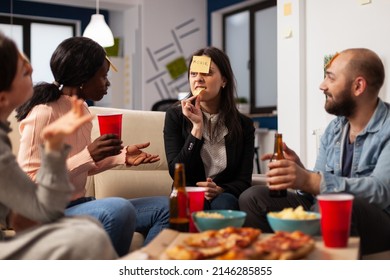 Multiethnic Group Of Friends Using Sticky Notes To Play Guess Who Game Together At Office Party After Hours. Business People Playing Charades, Eating Pizza And Drinking Beer After Work.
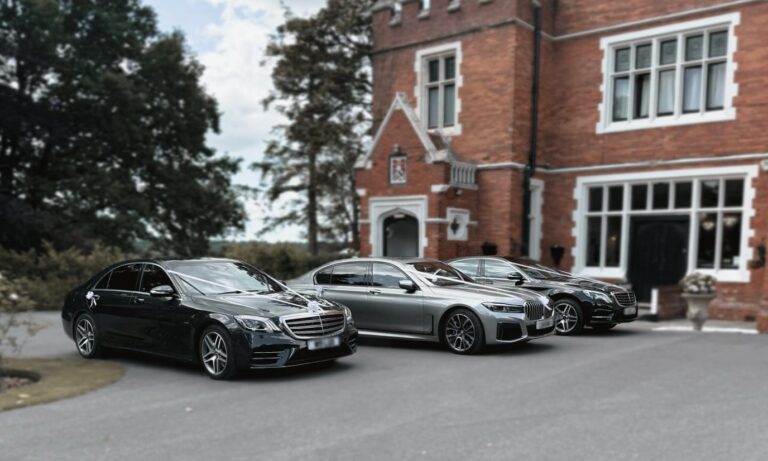 Three chauffeur-driven cars, the lead car dressed with wedding ribbons, outside a wedding venue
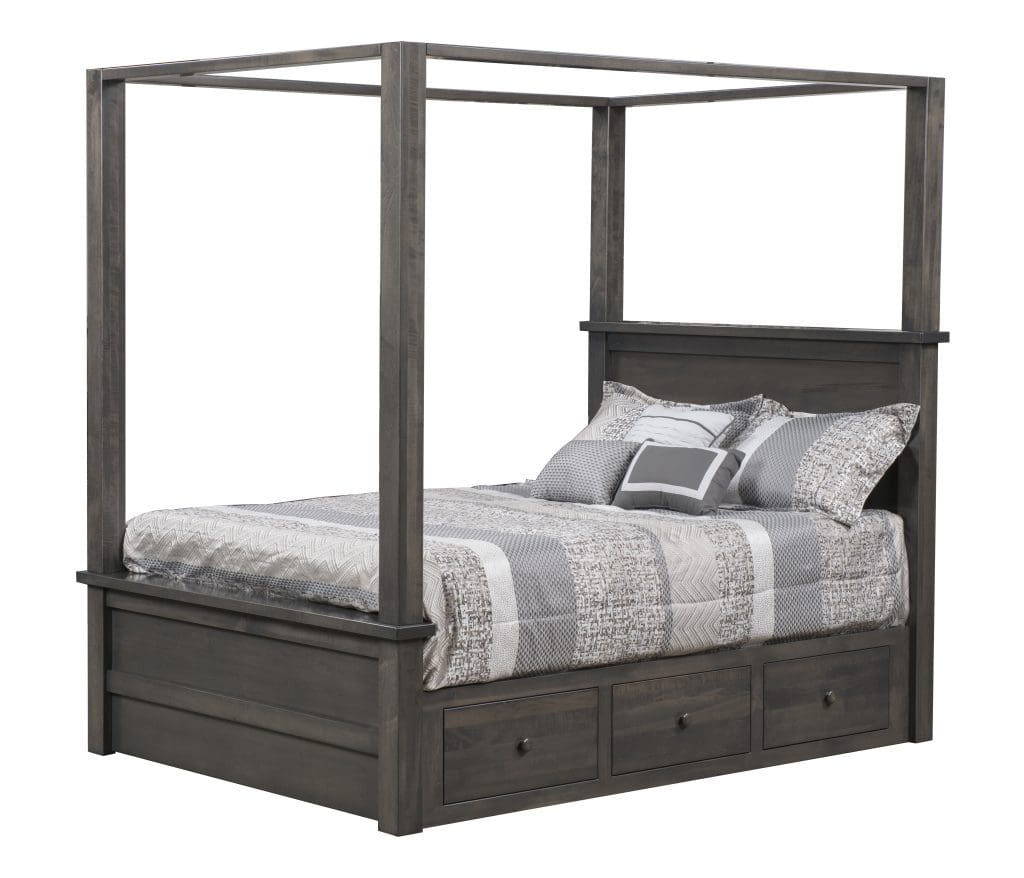 Dark gray hardwood canopy bed with light gray and white bedding and built-in drawers in the bed frame under the mattress.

══════════

• **EXERCISE PROMPT**:
Once the images are dropped, set down the remaining material word for word.

• **OUTPUT FOR THIS TASK**:
 Multiethnic Group Of Friends Using Sticky Notes To Play Guess Who Game Together At Office Party After Hours. Business People Playing Charades, Eating Pizza And Drinking Beer After Work.
 Three chauffeur-driven cars, the lead car dressed with wedding ribbons, outside a wedding venue
 Dark gray hardwood canopy bed with light gray and white bedding and built-in drawers in the bed frame under the mattress.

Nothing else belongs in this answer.